Work order
All lines below starting at the one that holds "Jupe à sequins - Yona" and ending at the one that holds "Tenis Puma Kruz" should be printed exactly, ends included. Pictures should not be printed, nor anything else.
(Beginning of Information given)
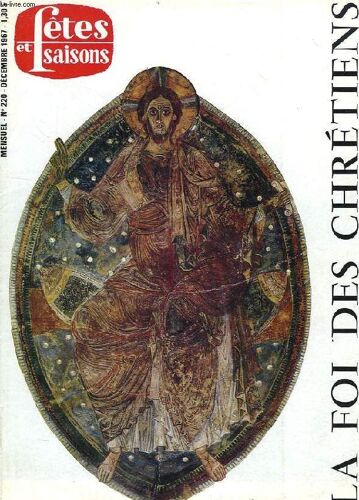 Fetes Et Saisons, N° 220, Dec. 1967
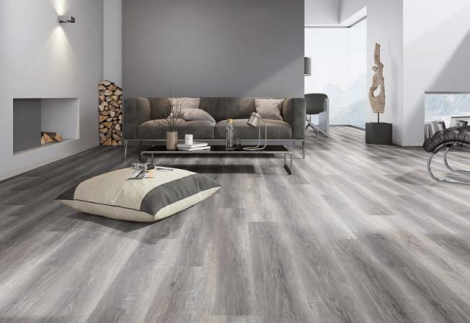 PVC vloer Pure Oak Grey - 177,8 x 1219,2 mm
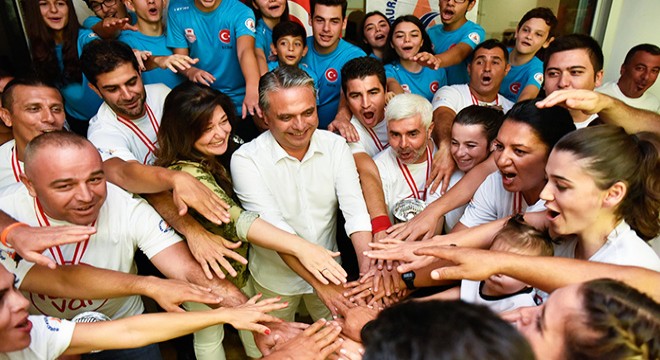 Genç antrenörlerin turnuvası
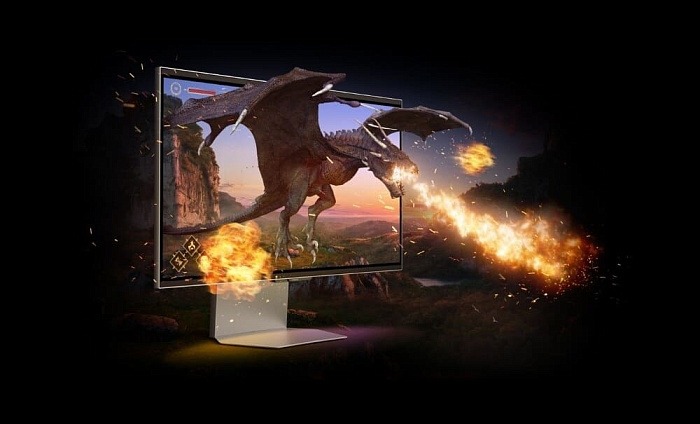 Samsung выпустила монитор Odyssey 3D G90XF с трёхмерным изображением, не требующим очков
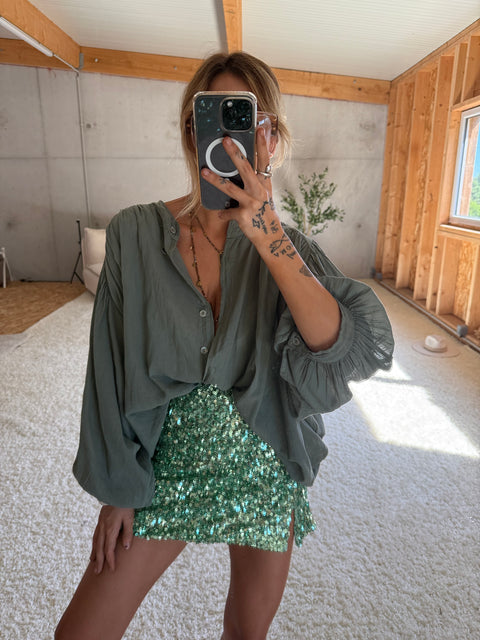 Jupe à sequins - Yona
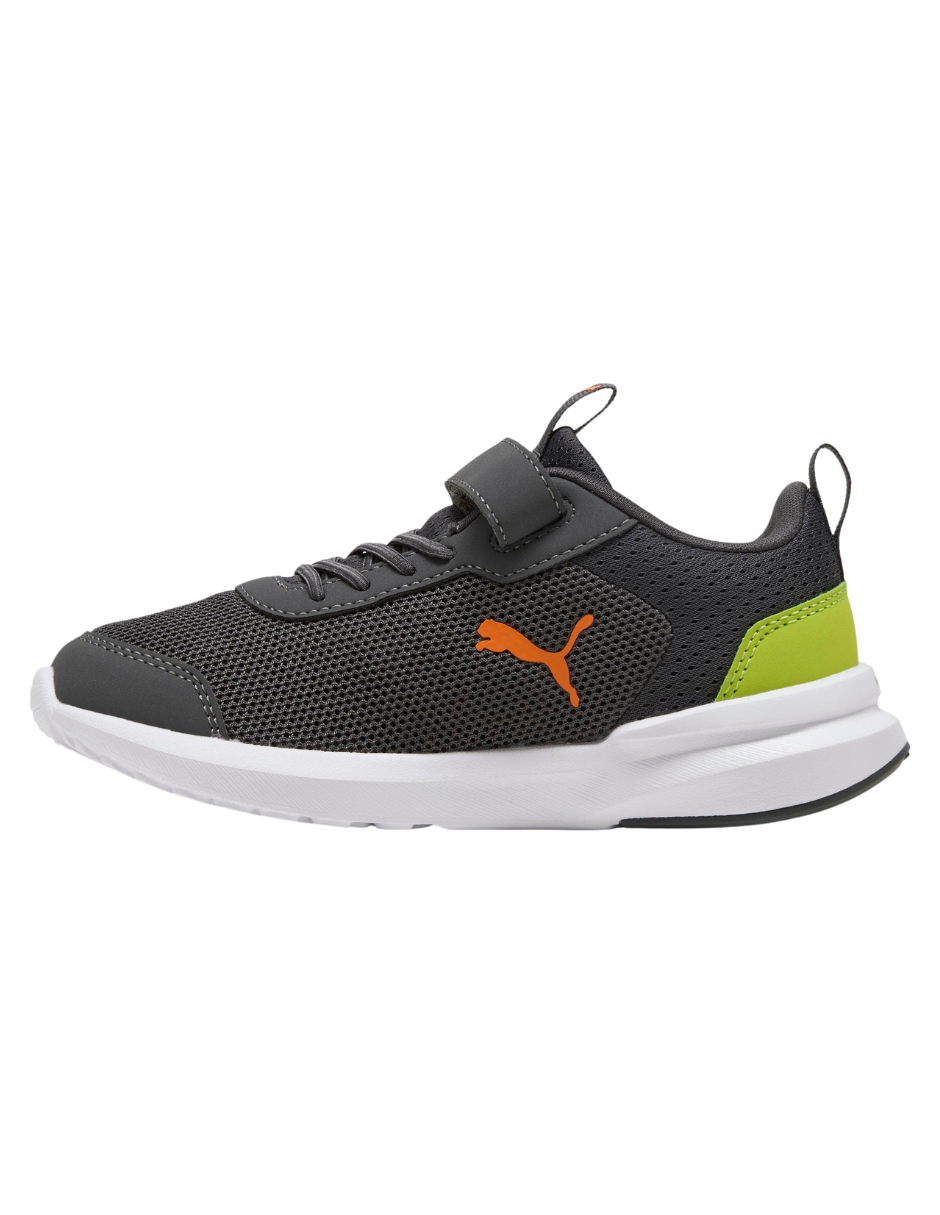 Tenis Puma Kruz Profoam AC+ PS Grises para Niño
(End of Information given)
(Beginning of Information given)
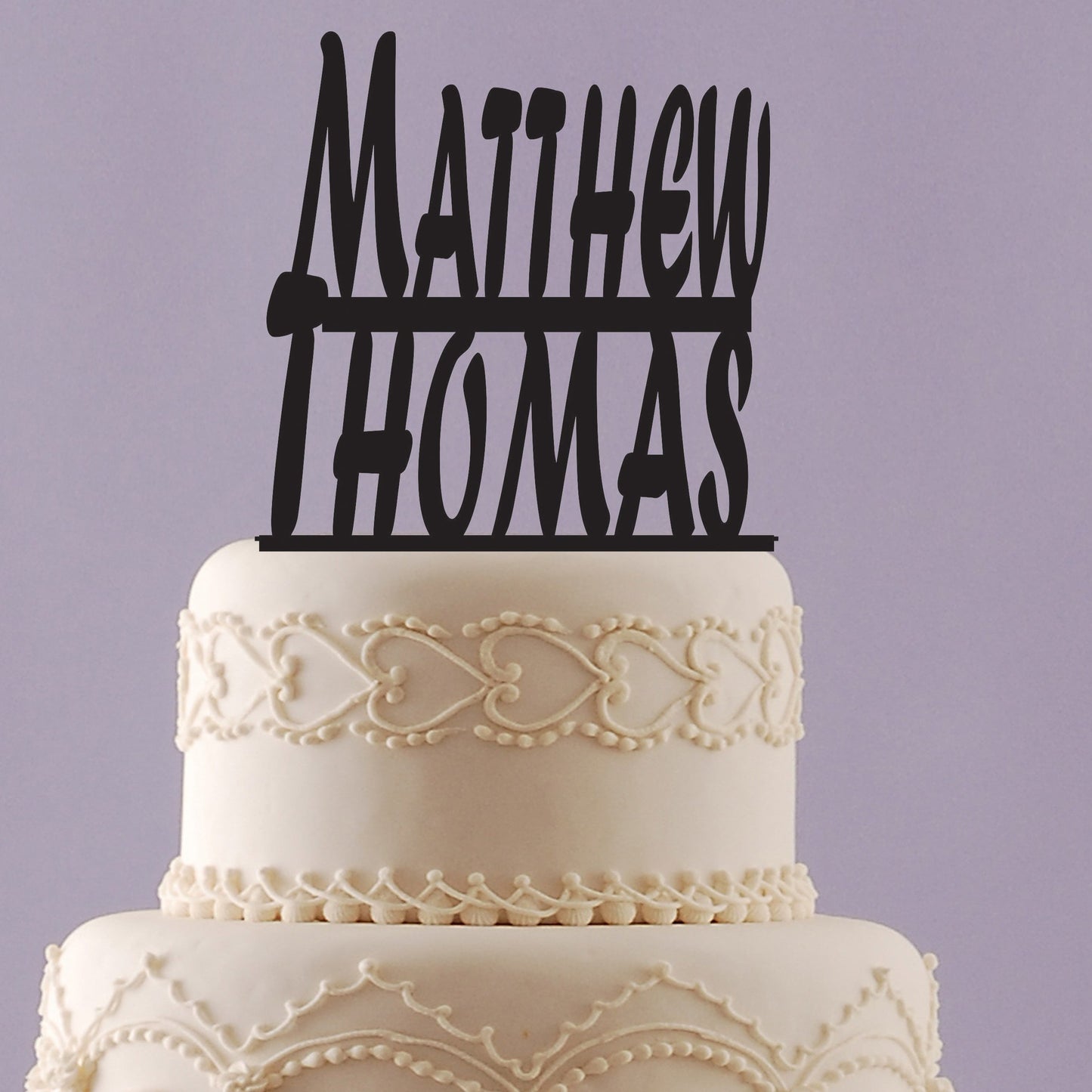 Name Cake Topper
(End of Information given)
Result below
 Jupe à sequins - Yona
 Tenis Puma Kruz Profoam AC+ PS Grises para Niño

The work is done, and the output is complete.